Your answer is the listing, printed exactly as given.
(Information provided Opens)
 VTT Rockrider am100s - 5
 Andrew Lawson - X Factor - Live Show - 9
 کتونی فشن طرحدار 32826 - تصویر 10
(Information provided Closes)
■ Result:
 VTT Rockrider am100s - 5
 Andrew Lawson - X Factor - Live Show - 9
 کتونی فشن طرحدار 32826 - تصویر 10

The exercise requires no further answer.